How to complete this task: Please restate each entry below, word for word.

____

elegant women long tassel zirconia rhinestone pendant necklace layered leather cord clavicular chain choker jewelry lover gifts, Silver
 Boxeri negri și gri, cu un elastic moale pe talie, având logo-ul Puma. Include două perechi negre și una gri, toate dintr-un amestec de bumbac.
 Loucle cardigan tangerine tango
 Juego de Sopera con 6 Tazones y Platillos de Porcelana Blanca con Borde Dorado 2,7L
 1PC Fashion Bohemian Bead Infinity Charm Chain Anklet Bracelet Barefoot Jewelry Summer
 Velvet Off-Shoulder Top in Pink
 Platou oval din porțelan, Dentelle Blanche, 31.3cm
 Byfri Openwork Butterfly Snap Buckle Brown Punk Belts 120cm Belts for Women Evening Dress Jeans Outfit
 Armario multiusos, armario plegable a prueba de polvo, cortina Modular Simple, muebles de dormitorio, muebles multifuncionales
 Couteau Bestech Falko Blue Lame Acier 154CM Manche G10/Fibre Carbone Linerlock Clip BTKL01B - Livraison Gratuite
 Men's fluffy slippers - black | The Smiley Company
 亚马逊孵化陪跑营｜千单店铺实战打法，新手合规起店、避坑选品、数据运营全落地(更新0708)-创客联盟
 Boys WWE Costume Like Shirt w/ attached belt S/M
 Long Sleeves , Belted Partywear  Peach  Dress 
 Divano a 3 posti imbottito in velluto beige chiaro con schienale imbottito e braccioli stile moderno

____

Response below:
elegant women long tassel zirconia rhinestone pendant necklace layered leather cord clavicular chain choker jewelry lover gifts, Silver
 Boxeri negri și gri, cu un elastic moale pe talie, având logo-ul Puma. Include două perechi negre și una gri, toate dintr-un amestec de bumbac.
 Loucle cardigan tangerine tango
 Juego de Sopera con 6 Tazones y Platillos de Porcelana Blanca con Borde Dorado 2,7L
 1PC Fashion Bohemian Bead Infinity Charm Chain Anklet Bracelet Barefoot Jewelry Summer
 Velvet Off-Shoulder Top in Pink
 Platou oval din porțelan, Dentelle Blanche, 31.3cm
 Byfri Openwork Butterfly Snap Buckle Brown Punk Belts 120cm Belts for Women Evening Dress Jeans Outfit
 Armario multiusos, armario plegable a prueba de polvo, cortina Modular Simple, muebles de dormitorio, muebles multifuncionales
 Couteau Bestech Falko Blue Lame Acier 154CM Manche G10/Fibre Carbone Linerlock Clip BTKL01B - Livraison Gratuite
 Men's fluffy slippers - black | The Smiley Company
 亚马逊孵化陪跑营｜千单店铺实战打法，新手合规起店、避坑选品、数据运营全落地(更新0708)-创客联盟
 Boys WWE Costume Like Shirt w/ attached belt S/M
 Long Sleeves , Belted Partywear  Peach  Dress 
 Divano a 3 posti imbottito in velluto beige chiaro con schienale imbottito e braccioli stile moderno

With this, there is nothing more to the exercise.